Wywiezionych zostało ostatnie 350 ton niebezpiecznej substancji, zalegającej na terenie dawnych zakładów „Pronit” w Pionkach.
Miasto Pionki utylizują zalegającą nitrocelulozę od 2015 roku. To pozostałości po zakładach „Pronit”, w których produkowany był m.in. proch czy płyty winylowe. Materiał jest niebezpieczny, łatwopalny, a jego opary trujące. Nie wiadomo, kto, ani dlaczego gromadził i pozostawił niebezpieczne składowisko na tym terenie.
Do tej pory Pionki zutylizowały 1000 ton tej niebezpiecznej substancji, co kosztowało ponad 10 milionów złotych. Narodowy Fundusz Ochrony Środowiska dofinansował oczyszczenie kwotą 4 mln zł, sporo także dołożyło samo miasto.
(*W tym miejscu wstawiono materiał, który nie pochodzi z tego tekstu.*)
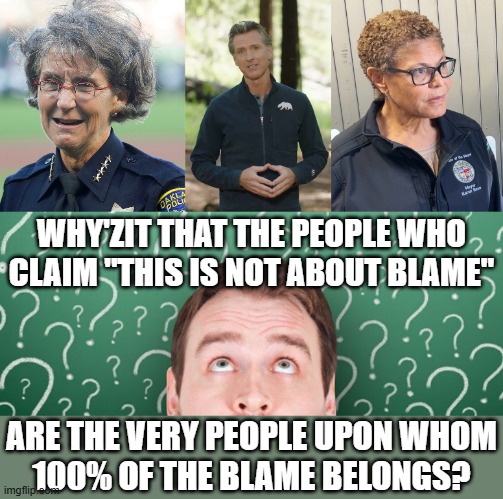 WHY'ZIT THAT THE PEOPLE WHO CLAIM "THIS IS NOT ABOUT BLAME"; ARE THE VERY PEOPLE UPON WHOM
100% OF THE BLAME BELONGS? | made w/ Imgflip meme maker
Ostatni etapu utylizacji nitrocelulozy właśnie się zakończył. Firmie wykonującej to zadanie udało się je zrealizować na trzy miesiące przed planowanym terminem zakończenia prac.
Działka popronitowska to około dwóch hektarów, które miasto będzie mogło dowolnie wykorzystać. Ale przepisy stanowią, że musi upłynąć pięć lat od usunięcia niebezpiecznych odpadów. Póki co trwa dokładne sprawdzanie działki, czy nitroceluloza faktycznie całkowicie zniknęła.
Przypomnijmy, że Zakłady ZTS Pronit w Pionkach działały najpierw, od 1922 roku, jako Państwowa Wytwórnia Prochu. Zajmowały się produkcją materiałów wybuchowych dla wojska. Po wielu etapach działalności i przekształceń, fabrykę zamknięto w 2000 roku. Na terenie zakładów eksperci odnaleźli setki ton niebezpiecznej nitrocelulozy, którą miasto utylizowało od 2015 roku. Sprawą zajmowała się także prokuratura, ale śledztwo – z powodu niewykrycia sprawców, w 2017 r. umorzono.